### [Your objective]
Could you copy exactly the lines below from the one with "Fig. 02 - Battery" to the one with "plan cul à Courcelles-lès-Lens", inclusive, leaving out any pictures?

### [Records to use]
◇ ◇ ◇ ◇ ◇
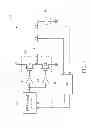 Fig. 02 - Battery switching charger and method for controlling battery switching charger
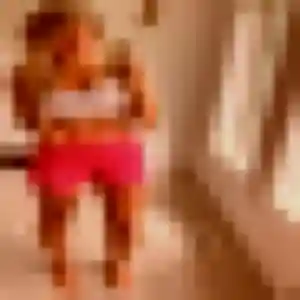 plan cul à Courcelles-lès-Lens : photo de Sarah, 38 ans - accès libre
◇ ◇ ◇ ◇ ◇
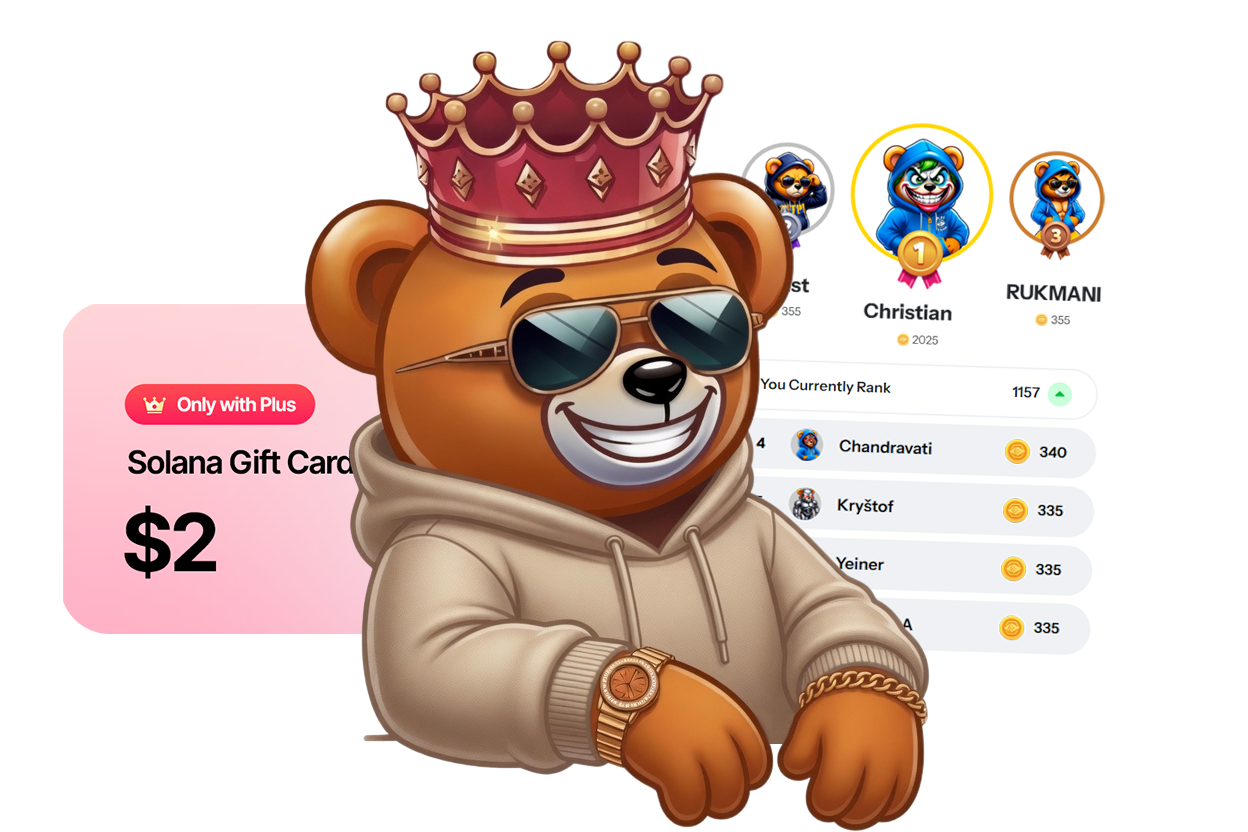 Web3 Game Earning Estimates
◇ ◇ ◇ ◇ ◇
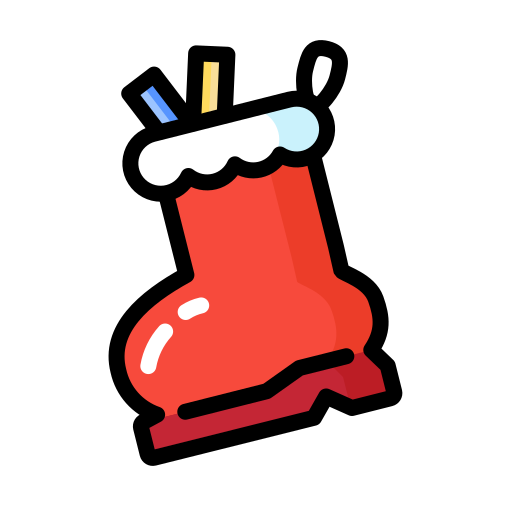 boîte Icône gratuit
◇ ◇ ◇ ◇ ◇
### [Result of this exercise]
 Fig. 02 - Battery switching charger and method for controlling battery switching charger
 plan cul à Courcelles-lès-Lens : photo de Sarah, 38 ans - accès libre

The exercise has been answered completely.